Johanne Morin, Longueuil

Johanne Morin a vécu un certain nombre d'épisodes dépressifs depuis une vingtaine d'années, dont certains ont forcé un arrêt de travail. "La médication ne fait que te soutenir, te redonne du pep. À partir de ce moment-là, il faut que tu travailles plus en profondeur sur toi. Souvent, les psychiatres, quand ils te

rencontrent, ils ne font pas de la thérapie, ils te donnent de la médication. Mon objectif est de pouvoir l'arrêter un jour, mais j'en ai besoin pour le moment. La plus grande honte que j'ai eue à faire face dans ma vie, c'est que j'étais gênée de le dire. C'est malheureusement encore très tabou dans les entreprises."

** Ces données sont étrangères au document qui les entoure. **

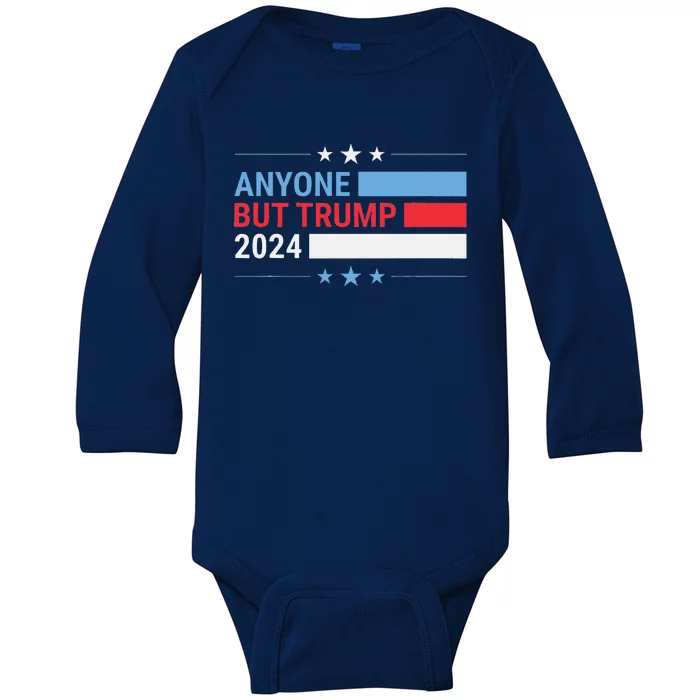 Anyone But Trump 2024 President Election Baby Long Sleeve Bodysuit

De 2005 à 2009, la prévalence de l'usage des antidépresseurs chez les adultes québécois couverts par le régime public d'assurance-médicaments a augmenté de 8,3 %

Globalement, 50,1% des nouveaux utilisateurs avaient 60 ans ou plus et les femmes représentaient environ les deux tiers des nouveaux utilisateurs d'antidépresseurs

La durée totale de traitement était inférieure à huit mois dans la majorité des cas et peu de visites médicales de suivi ont été effectuées dans l'année suivant le début du traitement.

Le médecin à l'origine du traitement antidépresseur était un omnipraticien dans la grande majorité des cas (82,3 %) et un psychiatre dans seulement 5,8 % des cas.

SOURCE : Portrait de l'usage des antidépresseurs chez lea adultes assurés par le régime public d'assurances-médicaments du Québec, conseil du médicament, janvier 2011.